According to Zenz, the files were made available through a “hacking attack directly on police computers and even computers in detention camps” and from public security bureau computer systems in Ili and Kashgar governorates in Xinjiang.[1] The Xinjiang Police Files were the most comprehensive publicized leak on the state re-education camps in Xinjiang to date.

These are the portraits of thousands of Uyghurs: young, old, women and men. They were taken either at a police station or on arrival at a detention camp.

In the Konasheher district in the far west of China, over 12% of ethnic minority adults were detained in 2018. This detention rate exceeds that of Stalin’s era.

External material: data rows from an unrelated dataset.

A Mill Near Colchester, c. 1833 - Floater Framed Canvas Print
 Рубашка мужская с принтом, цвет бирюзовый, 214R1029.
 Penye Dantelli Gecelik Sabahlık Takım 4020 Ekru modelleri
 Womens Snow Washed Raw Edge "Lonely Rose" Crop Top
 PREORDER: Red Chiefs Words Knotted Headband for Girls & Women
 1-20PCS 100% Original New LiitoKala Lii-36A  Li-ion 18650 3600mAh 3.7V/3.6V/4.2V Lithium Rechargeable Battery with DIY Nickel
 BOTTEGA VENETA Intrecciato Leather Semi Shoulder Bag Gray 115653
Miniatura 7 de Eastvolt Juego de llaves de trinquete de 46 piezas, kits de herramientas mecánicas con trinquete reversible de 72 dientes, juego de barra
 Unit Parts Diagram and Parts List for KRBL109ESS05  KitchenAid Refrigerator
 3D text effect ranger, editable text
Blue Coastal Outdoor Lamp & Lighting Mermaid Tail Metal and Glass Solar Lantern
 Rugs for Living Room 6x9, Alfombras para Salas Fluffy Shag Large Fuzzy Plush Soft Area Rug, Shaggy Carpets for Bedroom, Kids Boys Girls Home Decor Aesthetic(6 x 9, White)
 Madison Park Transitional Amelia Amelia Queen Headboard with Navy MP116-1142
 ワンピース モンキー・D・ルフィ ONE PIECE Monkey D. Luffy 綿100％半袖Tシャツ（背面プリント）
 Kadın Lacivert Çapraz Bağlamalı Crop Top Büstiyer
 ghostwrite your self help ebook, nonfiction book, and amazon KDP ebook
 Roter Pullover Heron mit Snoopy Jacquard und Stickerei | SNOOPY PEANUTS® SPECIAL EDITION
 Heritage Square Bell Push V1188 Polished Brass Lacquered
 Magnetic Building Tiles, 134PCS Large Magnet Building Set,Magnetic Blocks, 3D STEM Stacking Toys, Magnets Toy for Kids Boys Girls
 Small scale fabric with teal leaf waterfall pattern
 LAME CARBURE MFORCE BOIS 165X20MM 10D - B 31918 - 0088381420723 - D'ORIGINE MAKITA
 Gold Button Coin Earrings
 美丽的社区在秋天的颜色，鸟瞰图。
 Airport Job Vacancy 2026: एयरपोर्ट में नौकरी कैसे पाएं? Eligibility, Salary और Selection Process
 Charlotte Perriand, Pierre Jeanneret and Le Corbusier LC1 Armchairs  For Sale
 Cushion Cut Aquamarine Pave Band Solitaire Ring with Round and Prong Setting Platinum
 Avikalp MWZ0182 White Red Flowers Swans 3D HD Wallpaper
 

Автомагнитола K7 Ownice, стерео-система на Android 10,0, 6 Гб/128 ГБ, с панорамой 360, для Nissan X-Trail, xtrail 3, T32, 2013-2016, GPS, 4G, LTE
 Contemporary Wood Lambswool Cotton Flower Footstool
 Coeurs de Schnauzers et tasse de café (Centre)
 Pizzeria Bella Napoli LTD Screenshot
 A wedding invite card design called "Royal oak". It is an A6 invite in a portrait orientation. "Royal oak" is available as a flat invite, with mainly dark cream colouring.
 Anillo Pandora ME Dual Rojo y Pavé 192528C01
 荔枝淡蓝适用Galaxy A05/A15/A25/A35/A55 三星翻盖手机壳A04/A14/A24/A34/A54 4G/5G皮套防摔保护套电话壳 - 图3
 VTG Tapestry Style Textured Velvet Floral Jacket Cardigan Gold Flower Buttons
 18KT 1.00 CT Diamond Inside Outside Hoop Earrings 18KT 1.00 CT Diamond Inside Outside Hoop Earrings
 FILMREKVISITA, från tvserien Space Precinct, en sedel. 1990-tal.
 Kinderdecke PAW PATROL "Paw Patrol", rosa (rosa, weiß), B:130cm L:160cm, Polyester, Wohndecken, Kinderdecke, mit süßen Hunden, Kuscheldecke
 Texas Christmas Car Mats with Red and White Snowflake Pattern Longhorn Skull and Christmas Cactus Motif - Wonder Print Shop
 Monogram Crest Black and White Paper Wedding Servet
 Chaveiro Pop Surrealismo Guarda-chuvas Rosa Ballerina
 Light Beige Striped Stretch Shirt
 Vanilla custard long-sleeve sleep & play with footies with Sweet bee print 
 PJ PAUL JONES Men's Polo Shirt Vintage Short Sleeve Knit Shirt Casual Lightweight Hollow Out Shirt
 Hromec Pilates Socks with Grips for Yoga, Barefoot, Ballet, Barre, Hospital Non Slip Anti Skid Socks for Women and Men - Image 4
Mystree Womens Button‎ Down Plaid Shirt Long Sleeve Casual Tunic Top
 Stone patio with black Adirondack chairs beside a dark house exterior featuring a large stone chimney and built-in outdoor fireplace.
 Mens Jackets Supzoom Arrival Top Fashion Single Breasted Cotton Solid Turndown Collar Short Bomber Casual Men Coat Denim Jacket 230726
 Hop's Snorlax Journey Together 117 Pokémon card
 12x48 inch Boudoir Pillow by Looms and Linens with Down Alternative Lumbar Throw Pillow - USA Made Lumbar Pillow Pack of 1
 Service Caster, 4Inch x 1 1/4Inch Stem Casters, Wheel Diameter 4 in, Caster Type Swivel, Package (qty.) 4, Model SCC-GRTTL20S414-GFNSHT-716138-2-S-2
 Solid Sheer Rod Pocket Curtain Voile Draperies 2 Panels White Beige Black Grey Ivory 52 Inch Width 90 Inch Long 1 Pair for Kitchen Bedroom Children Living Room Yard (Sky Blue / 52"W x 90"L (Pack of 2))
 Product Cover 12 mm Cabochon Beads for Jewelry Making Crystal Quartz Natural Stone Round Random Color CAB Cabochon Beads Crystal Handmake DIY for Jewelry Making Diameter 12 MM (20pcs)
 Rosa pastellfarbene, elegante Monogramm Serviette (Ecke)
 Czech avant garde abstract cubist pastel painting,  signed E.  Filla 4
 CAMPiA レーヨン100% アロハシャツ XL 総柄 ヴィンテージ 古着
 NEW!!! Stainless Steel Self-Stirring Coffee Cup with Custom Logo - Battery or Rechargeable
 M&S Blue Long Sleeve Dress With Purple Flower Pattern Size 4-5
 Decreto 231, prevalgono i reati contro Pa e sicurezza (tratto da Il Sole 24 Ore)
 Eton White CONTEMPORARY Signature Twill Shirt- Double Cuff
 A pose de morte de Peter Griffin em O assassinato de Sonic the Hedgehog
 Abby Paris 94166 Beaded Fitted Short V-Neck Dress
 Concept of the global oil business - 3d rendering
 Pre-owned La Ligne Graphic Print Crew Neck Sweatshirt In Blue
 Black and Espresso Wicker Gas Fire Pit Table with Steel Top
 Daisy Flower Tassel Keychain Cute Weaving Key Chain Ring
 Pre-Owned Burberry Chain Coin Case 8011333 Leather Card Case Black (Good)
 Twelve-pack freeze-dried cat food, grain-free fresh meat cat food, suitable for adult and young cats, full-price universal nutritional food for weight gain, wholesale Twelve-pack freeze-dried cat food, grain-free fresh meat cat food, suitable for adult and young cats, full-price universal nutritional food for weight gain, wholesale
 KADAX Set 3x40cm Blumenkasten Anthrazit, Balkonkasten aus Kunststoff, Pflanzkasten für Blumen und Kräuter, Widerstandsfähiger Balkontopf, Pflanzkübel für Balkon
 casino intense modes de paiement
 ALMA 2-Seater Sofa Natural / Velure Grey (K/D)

“If students do not listen to the instructions, armed police officers can fire warning shots. If the students do not yield to this deterrent, if they continue to escalate the tension, try to escape or take the officers’ weapons, the officers will kill them.” This is how discipline works at a “Vocational Skills Education and Training Center” (VSEC) for Muslim minorities in Konasheher, also known as Shufu, in the Xinjiang Uyghur Autonomous Region (XUAR) in northwest China.

This “instruction to eliminate disruption and any attempts at escape during classes” was originally issued in 2018. It was found in a batch of some 100,000 hacked police documents. Many of them are devoted to the “educational transformation” of the Uyghurs. Their mass confinement is defined as being for “re–education” purposes by the Chinese Communist Party (CCP).